Editorial columnists
Edward Achorn: Economics 101 and a pack of cigarettes
01:00 AM EDT on Tuesday, September 22, 2009
THE GOOD SHIP Rhode Island is listing ever deeper into deficits, making it agonizingly hard to get the state righted, safe above water.
New numbers show that state tax revenues in July and August fell far below what lawmakers budgeted.
Cigarette-tax proceeds were part of the disappointing results. That may be seem surprising, since the state boosted taxes on cigarettes in April by a whopping dollar, to $3.46 a pack — hammering, in particular, lower-income folks who in disproportionate numbers find solace in the nasty addiction.
After hiking the tax, the politicians expected (or said they expected) to reap $26.3 million in cigarette taxes over July and August. Instead, they took in $23.5 million — up from last year’s $20.5 million, but still $2.8 less than forecast.
In other words, the pols hiked cigarette taxes by 40 percent, but only increased revenues by 15 percent, far below projections.
This is only a tiny drop in the great sea of state deficits, which could reach a terrifying $1.2 billion, according to former House Finance Committee member Carol Mumford. But the story of the cigarette tax may be instructive.
The simpler minds on Smith Hill preach a static model of economics. Raise taxes by 40 percent, get a big windfall.
But real life does not work that way. People act out of perceived self-interest when it comes to their own money.
Higher taxes change people’s behavior.
Instead of shelling out the extra dollar, many Rhode Islanders seem to be picking up cheaper cigarettes in neighboring states.
Once there, they may be getting their gasoline, candy bar, milk or lottery tickets at the out-of-state convenience store. (Thus, that 40 percent hike may turn out to be reaping even less than 15 percent, since it could be depleting tax revenue from other sources.)
Some people may even be quitting their habit rather than pay the tax — not a bad thing, except for the state’s bottom line.
Such behavior is not confined to Rhode Island. It is universal.
I was once editor of a Massachusetts newspaper on the New Hampshire border. The Granite State’s lack of a sales tax effectively killed off retailers on the Bay State side, since people were willing to delay their purchasing until they got just over the line, in Salem, N.H., and other border communities.
Similarly, jobs and communities boomed in southern New Hampshire as people fled “Taxachusetts.”
Rhode Island’s economic troubles are the cigarette tax writ large.
Its high taxes and regulatory climate render it uncompetitive with neighboring states, never mind those in more robust regions of America. The politicians create a vicious circle, as businesses and people move out for less punishing locations, and officials try to make ends meet with ever-higher taxes (particularly at the local level).
All this might seem the barest common sense, but many legislators and local officials do not seem to grasp this basic economic concept. They think that hiking taxes means hiking revenues. They fail to even consider the long-range costs in fewer jobs, depleted opportunities for citizens, stagnant tax revenues, less civic vitality — ultimately, less money to spend on government services that help the poor and provide a civilized environment. You want to maximize taxes, in other words, without concurrently driving out business and ruining the economy.

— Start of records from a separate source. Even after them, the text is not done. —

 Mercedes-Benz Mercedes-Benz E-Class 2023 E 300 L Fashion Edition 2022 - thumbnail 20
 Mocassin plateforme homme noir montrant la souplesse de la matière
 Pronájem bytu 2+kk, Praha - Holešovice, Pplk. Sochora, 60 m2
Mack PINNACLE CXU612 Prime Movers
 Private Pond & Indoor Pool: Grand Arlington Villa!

All this is a big reason Rhode Island — despite its superb advantages of location, beauty, cultural amenities, ocean research and institutions of higher education — has the second-highest unemployment rate in America.

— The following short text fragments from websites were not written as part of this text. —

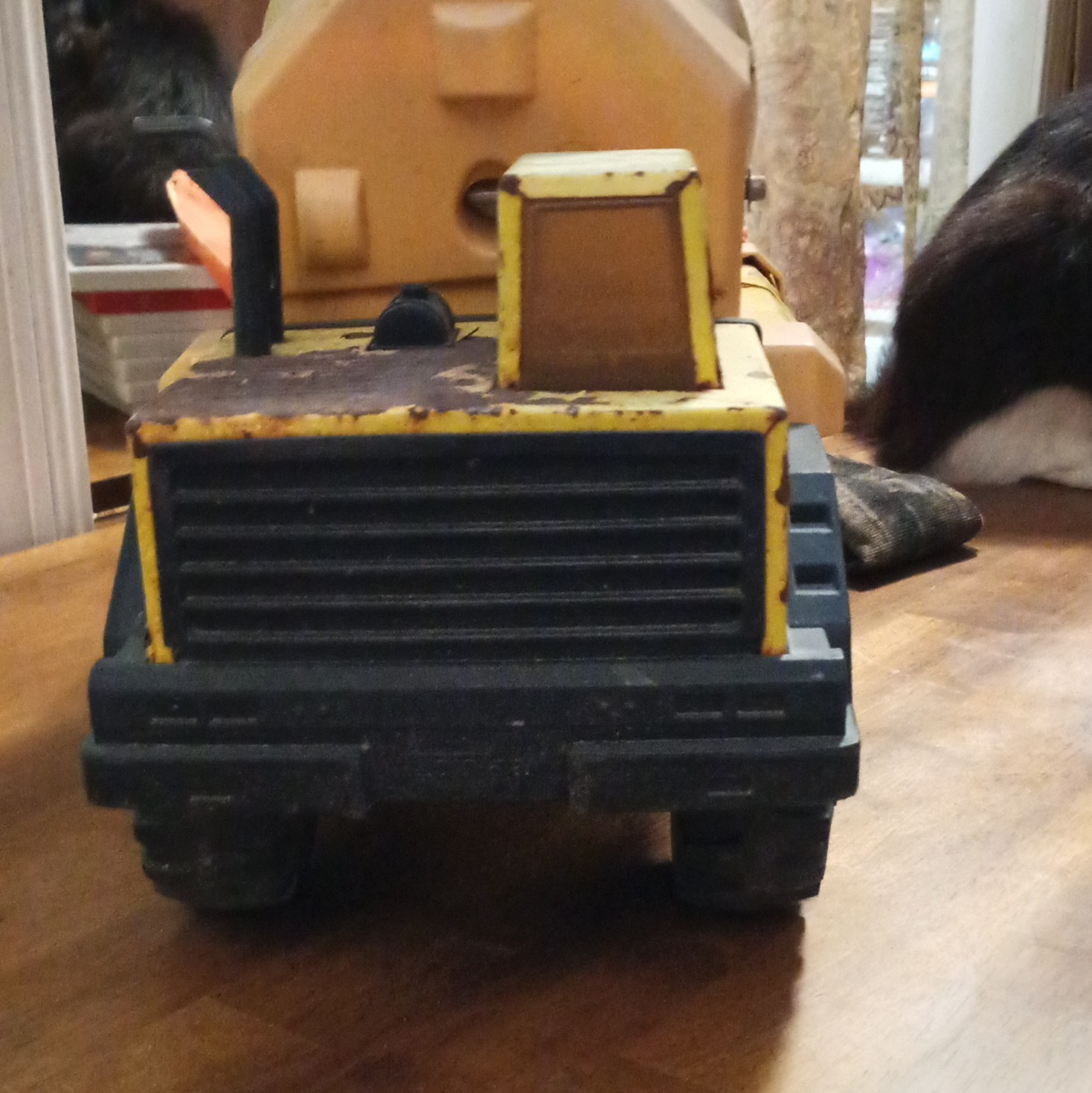 Tonka Turbo-Diesel Cement Mixer Construction Truck, Yellow/Black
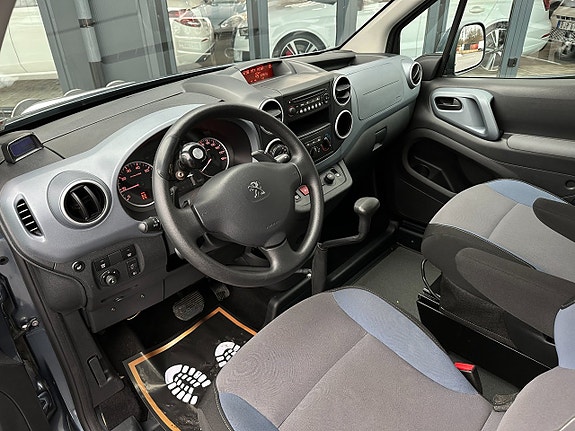 Peugeot Partner Tepee 14 of 28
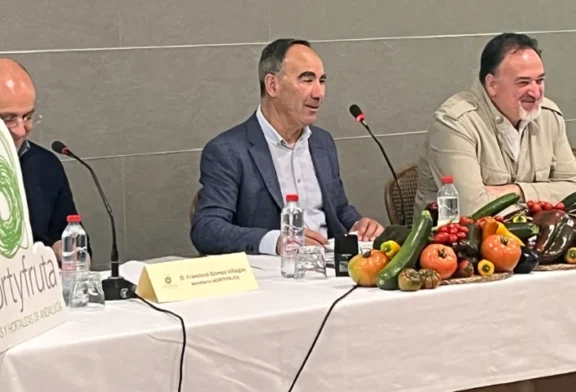 Juan Tomás Cano es reelegido presidente de Hortyfruta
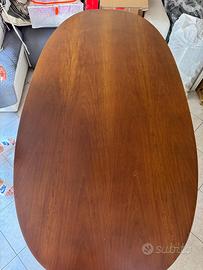 Tavolo ellittico in noce massello
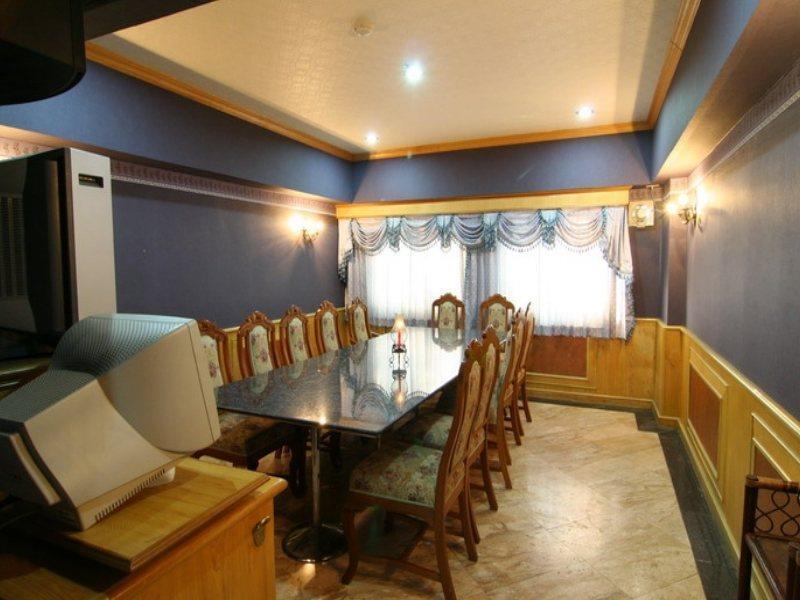 13 Coins Airport Hotel Min Buri 방콕 외부 사진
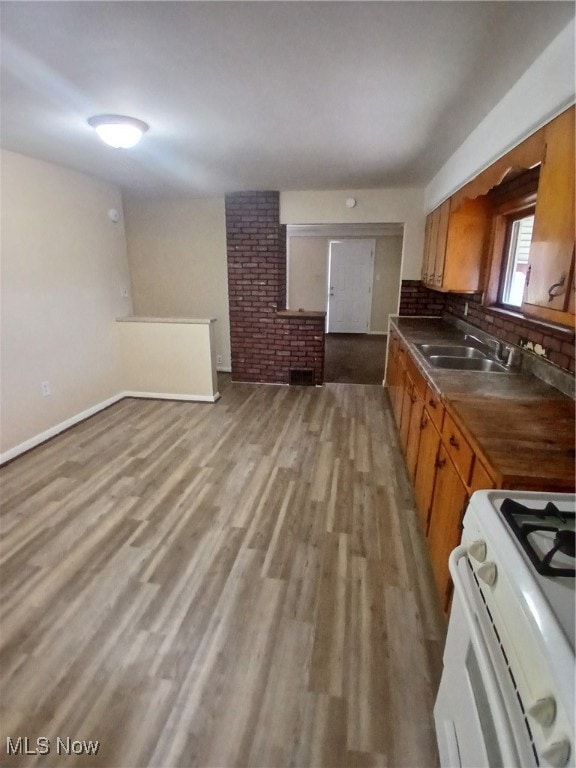 142 N Bridge St, Struthers, OH 44471 - photo 4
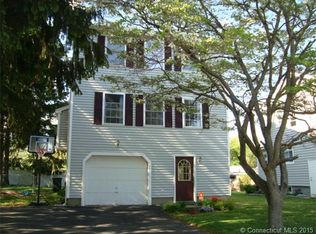 27 Hobson Ave, Milford, CT 06460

Some in the General Assembly and the social-services industry still scream about the need to “tax the rich” more in Rhode Island. That might be a fine idea if the rich would just sit still and take it. But, as relatively free agents, they have a tendency to pick up and leave when things get too bad.
Tax the rich too much, and you get fewer rich paying taxes — and you need those people, since they pay the lion’s share of society’s costs and invest in the businesses that create jobs.
I think House Speaker William Murphy and House Finance Committee Chairman Steven Costantino get it, but I wonder how many of their colleagues do.
If we truly do want to help the poor — rather than savor the emotional high of taking the rich down a peg — we need to strike a cool-headed balance: Tax people as much as possible without destroying economic vitality and eroding tax revenues.
Whatever wishful thinking politicians might want to engage in, the iron laws of economics (based on humans acting out of self-interest) ultimately catch up. High-tax Rhode Island is now suffering the horrors of high unemployment, frightening budget deficits, and bleak prospects.
A new nationwide survey by HIS Global Insight predicts when 50 major American markets will come out of recession. Two cities in low-tax Texas — Austin and San Antonio — will be first, followed by Dallas and Houston in 2011. At the very bottom of the list, not expected to struggle out of recession until 2015, are five sorrowful places: Cleveland, Detroit, Hartford, Milwaukee and Providence.
You don’t need to smoke a cigarette to know which way the wind blows.